第11話 進路の選択
草原に立つと、風がすうっと身体を撫でていった。
夜の冷えが残る空気の中で、星がまだ薄く瞬いている。
胸の奥は、回想で暖かくなった分だけ、現実に戻るとすうっと冷たくもなる。
小袋の中でじゃらりと鳴る硬貨が、今の私の全てだ。これが尽きれば、文字通り路頭に迷う。
だからこそ、最初の一手は慎重に選ばねばならない。
(で、どうする? 冒険者ギルドで腕を磨くか――それとも、商人の下で雑用か。宿屋の手伝いで寝床確保もありか。はたまた、農村で野菜でも作る?スローライフ?できるかな?)
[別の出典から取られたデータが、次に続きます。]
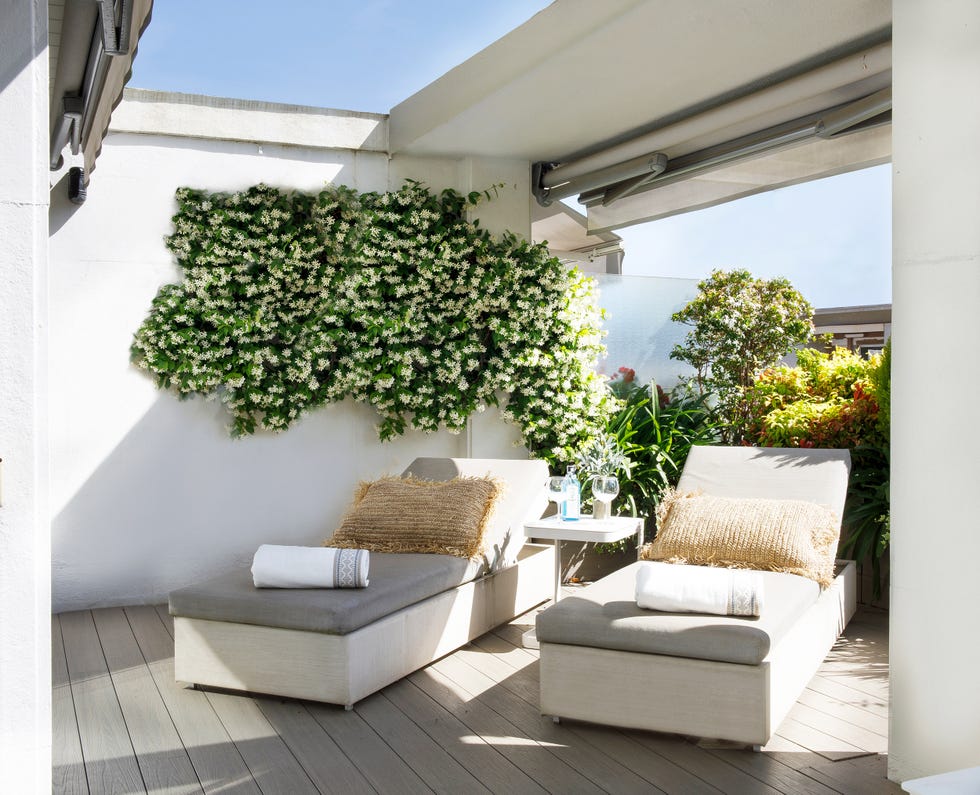 terraza con jardín vertical y dos tumbonas
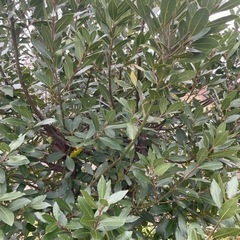 ローリエの画像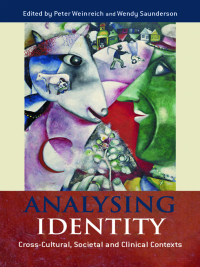 Cover image: Analysing Identity 1st edition 9780415298971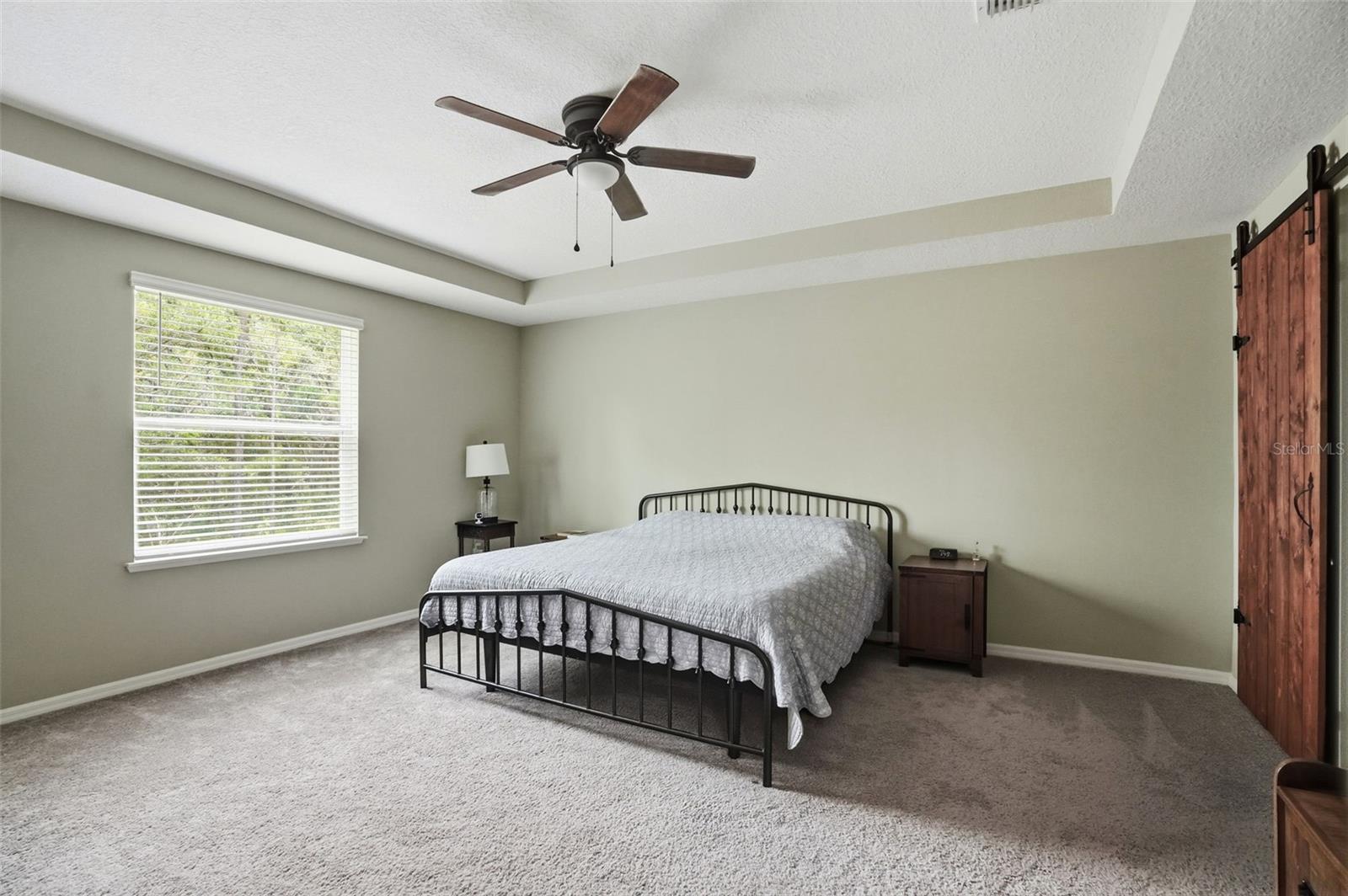 Listing photo id 23 for 39 Milbark Drive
頭の中で選択肢を並べると、どれも一長一短だ。冒険者は稼げるが危険度が高い。商人や宿屋は安定するが収入が少なく、しかも人間関係に疲れそうだ。農村は平和だが情報や移動手段が限られる。
(うーん。現実的に考えれば、まずは情報が必要だよね。どこに何があるか分からないと、次の一手が打てない)
情報、移動手段、資金――この三つを短期間で確保するルートを探る。答えは自然と浮かんだ。
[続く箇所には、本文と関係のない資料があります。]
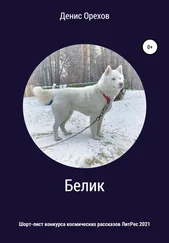 Денис Орехов - Белик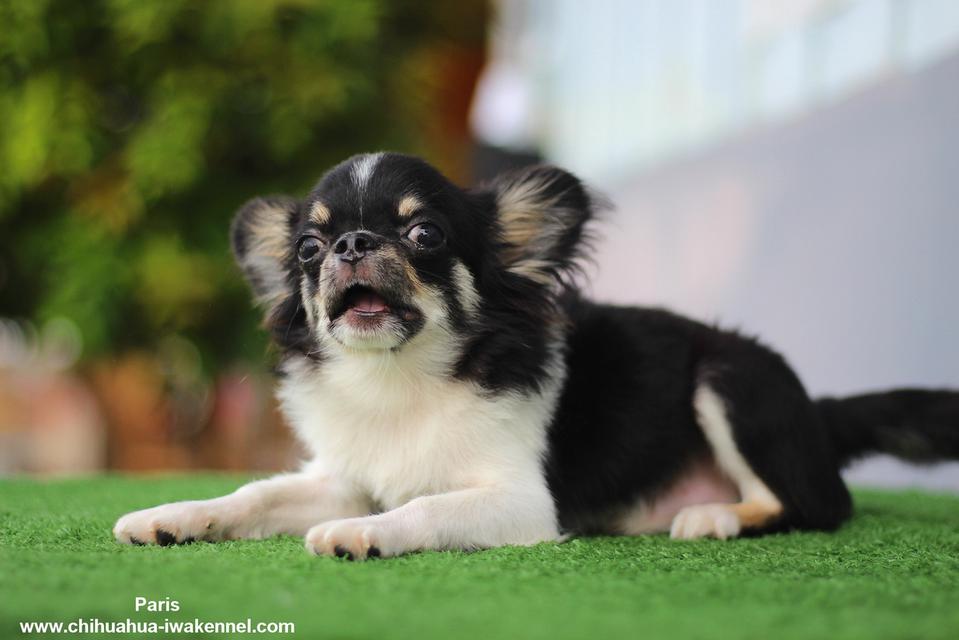 จำหน่ายสุนัขชิวาวา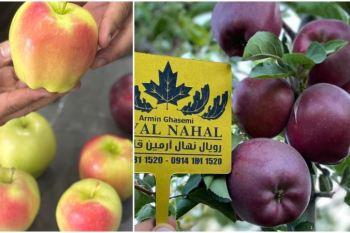 ۸۰ تن سیب در هکتار با بهترین ارقام سیب؛ رویایی به وسعت یک باغ سودآور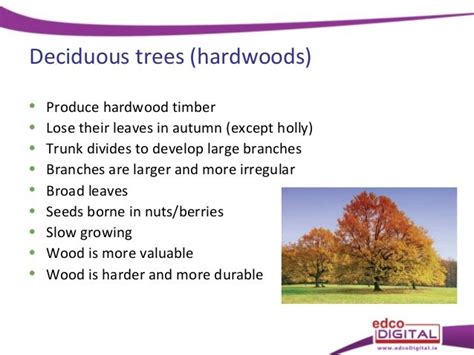 Difference Between Coniferous Plywood and Deciduous Plywood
(近くの街に行って、冒険者ギルドと港の有無を確認する。ギルドで小仕事を拾いつつ、港があれば向こうの大陸への航路も調べられる。うん、それが一番現実的)
冒険者ギルドは「稼ぐ」「情報を得る」「人脈を作る」の三拍子を短期に揃えてくれる。危険はあるが、私の性格ならリスクを最小化しつつやっていけるはずだ。何より社会人経験で培った図太さがある。無茶振り対応は得意中の得意だ。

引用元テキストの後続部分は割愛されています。